“The Synod Council believed then and now that it would be irresponsible to postpone our decision until a later meeting for the severity of the situation required immediate action to safeguard the Latinx community,” it said.
The council has publicly apologized for disrupting Misión Latina Luterana’s celebration of the Feast of Our Lady of Guadalupe.
So has Rohrer.
“I understand that trust can be lost with one action and must be rebuilt with hundreds of trustworthy actions,” Rohrer wrote in late December.
“I am grateful to all who have educated me about the needs of the Latino/x/é community and remain committed to doing the work needed to repair relationships.
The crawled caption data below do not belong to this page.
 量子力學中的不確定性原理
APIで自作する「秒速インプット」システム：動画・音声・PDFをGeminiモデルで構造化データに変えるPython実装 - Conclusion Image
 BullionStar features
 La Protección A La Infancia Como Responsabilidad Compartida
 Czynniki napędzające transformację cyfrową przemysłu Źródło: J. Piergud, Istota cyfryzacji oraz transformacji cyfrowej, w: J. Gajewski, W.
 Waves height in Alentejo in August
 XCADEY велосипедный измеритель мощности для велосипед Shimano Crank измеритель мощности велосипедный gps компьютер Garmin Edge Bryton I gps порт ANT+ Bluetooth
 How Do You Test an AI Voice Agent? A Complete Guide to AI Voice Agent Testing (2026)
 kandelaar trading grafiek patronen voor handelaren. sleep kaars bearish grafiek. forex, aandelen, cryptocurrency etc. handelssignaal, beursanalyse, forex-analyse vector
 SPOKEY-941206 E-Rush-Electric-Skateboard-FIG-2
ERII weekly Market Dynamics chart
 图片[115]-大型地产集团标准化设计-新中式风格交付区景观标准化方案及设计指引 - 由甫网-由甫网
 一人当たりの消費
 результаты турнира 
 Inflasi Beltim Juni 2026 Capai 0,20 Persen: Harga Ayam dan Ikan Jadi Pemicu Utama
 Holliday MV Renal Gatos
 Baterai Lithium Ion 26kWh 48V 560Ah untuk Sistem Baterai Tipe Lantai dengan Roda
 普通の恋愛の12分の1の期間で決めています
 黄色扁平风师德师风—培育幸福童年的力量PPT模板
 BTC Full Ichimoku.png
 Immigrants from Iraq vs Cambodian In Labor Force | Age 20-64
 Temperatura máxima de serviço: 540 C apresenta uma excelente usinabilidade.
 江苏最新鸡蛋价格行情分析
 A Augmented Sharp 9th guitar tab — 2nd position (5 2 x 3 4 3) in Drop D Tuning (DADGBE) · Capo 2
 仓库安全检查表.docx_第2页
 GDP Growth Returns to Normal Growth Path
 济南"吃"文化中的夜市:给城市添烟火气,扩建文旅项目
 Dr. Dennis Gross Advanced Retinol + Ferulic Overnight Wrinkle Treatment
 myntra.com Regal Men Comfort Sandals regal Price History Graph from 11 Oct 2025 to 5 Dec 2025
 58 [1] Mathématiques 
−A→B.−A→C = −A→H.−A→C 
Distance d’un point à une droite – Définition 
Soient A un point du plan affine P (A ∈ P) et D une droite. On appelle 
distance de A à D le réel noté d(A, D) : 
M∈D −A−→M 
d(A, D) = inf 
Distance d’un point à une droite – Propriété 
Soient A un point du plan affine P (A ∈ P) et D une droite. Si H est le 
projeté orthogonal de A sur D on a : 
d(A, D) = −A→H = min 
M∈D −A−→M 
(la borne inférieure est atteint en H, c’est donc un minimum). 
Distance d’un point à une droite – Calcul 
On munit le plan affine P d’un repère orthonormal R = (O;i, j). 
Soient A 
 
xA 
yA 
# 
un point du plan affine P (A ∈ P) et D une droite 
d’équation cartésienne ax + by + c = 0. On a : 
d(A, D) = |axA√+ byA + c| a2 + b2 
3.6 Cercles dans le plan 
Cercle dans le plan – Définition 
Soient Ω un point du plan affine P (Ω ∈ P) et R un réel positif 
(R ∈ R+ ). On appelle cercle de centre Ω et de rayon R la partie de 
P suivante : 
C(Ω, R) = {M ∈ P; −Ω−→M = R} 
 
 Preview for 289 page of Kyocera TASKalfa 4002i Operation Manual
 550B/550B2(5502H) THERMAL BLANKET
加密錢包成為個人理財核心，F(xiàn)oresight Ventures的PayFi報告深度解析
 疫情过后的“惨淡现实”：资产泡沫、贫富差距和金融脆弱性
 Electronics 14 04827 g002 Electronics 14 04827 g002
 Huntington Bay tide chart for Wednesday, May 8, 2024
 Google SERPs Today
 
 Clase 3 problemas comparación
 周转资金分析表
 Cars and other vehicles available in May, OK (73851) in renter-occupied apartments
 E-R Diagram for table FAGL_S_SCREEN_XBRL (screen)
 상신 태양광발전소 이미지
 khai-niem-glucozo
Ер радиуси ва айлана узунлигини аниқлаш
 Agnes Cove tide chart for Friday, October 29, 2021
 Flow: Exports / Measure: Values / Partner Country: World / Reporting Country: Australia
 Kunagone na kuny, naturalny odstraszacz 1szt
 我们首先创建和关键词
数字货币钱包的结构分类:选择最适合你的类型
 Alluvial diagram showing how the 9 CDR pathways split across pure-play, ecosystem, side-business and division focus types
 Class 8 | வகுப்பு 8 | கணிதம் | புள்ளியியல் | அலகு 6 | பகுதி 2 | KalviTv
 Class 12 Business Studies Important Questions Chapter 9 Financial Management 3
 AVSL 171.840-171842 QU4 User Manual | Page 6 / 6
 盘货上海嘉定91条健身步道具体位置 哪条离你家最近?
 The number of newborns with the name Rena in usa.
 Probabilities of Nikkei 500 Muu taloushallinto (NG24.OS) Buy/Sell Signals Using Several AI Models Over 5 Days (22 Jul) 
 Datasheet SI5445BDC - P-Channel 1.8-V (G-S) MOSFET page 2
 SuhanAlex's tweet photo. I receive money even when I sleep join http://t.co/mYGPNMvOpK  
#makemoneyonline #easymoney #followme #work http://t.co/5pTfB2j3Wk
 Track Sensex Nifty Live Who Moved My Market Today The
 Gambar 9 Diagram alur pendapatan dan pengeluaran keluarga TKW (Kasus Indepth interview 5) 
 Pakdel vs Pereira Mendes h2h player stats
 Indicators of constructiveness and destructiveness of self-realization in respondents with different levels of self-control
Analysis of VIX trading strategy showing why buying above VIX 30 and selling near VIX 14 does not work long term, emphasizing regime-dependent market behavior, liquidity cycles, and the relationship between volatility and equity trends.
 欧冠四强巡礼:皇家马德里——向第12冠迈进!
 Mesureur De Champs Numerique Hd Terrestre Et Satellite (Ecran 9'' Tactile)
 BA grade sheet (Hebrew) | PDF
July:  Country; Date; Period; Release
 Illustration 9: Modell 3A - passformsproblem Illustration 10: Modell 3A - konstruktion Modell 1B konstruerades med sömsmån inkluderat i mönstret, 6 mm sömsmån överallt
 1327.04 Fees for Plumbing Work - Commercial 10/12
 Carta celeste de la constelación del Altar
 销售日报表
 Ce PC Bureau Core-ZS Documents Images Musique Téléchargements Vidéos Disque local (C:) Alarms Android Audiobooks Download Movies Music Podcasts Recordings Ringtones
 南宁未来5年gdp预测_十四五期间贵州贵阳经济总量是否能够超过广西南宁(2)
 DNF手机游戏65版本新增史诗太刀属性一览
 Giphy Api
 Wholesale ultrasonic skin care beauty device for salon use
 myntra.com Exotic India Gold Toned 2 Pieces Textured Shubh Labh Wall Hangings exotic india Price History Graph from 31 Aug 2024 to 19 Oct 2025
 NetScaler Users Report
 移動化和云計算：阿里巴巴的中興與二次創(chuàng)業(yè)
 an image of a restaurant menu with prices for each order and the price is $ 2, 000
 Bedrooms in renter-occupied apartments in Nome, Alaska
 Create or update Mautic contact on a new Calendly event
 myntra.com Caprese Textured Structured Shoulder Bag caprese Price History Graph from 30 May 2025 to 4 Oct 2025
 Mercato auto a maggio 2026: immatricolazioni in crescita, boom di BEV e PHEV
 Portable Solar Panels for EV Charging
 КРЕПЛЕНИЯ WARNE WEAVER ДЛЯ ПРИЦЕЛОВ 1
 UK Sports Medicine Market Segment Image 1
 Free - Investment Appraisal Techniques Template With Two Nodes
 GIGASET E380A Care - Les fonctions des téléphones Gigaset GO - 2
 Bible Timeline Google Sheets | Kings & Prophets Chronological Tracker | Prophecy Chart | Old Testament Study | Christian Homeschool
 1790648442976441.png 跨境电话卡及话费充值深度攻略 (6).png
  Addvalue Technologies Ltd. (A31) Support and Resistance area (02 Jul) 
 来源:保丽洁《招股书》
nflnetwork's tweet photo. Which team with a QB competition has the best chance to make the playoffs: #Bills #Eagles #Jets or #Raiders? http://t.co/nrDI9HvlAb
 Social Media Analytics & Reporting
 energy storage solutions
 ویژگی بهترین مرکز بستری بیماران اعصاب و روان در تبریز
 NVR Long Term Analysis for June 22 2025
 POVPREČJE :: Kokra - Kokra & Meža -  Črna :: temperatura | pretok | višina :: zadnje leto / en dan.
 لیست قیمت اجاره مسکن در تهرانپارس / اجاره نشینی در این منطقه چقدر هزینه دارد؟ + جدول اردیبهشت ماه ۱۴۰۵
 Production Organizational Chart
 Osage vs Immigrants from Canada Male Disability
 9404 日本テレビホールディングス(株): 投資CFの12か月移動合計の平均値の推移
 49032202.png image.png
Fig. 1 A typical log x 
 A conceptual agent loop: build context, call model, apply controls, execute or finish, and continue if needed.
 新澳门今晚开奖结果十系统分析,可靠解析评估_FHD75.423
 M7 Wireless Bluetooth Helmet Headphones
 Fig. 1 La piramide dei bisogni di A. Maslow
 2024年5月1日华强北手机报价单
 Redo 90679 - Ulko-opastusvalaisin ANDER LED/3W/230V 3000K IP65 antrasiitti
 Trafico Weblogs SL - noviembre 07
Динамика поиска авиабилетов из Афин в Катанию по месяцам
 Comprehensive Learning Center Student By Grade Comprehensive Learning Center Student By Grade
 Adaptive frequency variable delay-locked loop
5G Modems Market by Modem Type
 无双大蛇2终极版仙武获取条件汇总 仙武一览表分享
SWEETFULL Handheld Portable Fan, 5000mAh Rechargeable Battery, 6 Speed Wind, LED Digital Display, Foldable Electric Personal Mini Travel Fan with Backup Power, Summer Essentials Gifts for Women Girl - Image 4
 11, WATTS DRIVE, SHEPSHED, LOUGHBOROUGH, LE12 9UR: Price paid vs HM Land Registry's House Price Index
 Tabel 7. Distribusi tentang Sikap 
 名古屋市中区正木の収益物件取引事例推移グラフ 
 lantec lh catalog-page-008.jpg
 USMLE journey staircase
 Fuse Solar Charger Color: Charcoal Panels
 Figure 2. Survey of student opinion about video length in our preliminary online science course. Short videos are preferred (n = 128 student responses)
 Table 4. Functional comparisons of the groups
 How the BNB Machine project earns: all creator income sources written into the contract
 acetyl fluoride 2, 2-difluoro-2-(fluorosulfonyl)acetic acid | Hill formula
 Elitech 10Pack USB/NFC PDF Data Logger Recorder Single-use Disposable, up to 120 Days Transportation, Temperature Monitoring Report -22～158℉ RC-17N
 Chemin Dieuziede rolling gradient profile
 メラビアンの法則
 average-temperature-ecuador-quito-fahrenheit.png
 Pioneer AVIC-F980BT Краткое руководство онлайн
The Sierra Pacific Synod and I seek to be ever-reforming in our anti-racism and anti-bias work.”
In addition to criticism from Asociación de Ministerios Latinos de la ELCA and African Descent Lutheran Association, Extraordinary Lutheran Ministries suspended Rohrer’s membership in late December after they dismissed Rabell-González. In a written statement at the time, Extraordinary Lutheran Ministries, which organizes queer ministry leaders in the ELCA, accused Rohrer of “an existing pattern of behavior” that doesn’t align with its vision, mission and values — “specifically as it pertains to being an anti-racist organization.”
Rohrer’s election in May 2021 made Rohrer the first openly transgender bishop in the largest Lutheran denomination in the United States — or any major denomination in the country. Rohrer also has celebrated being a neurodivergent bishop, part of Rohrer’s identity the bishop said gets less attention.
On Friday, Rohrer responded to several posts on Twitter expressing support for the bishop.
“As requested, I’m listening deeply and prayerfully discerning,” Rohrer said in one tweet.
In another, Rohrer wrote, “There has been so much more kindness and compassion expressed to me than anger, frustration and hurt. This fully human human appreciates all the prayers.”
This story has been updated.
This article originally appeared on ReligionNews.com.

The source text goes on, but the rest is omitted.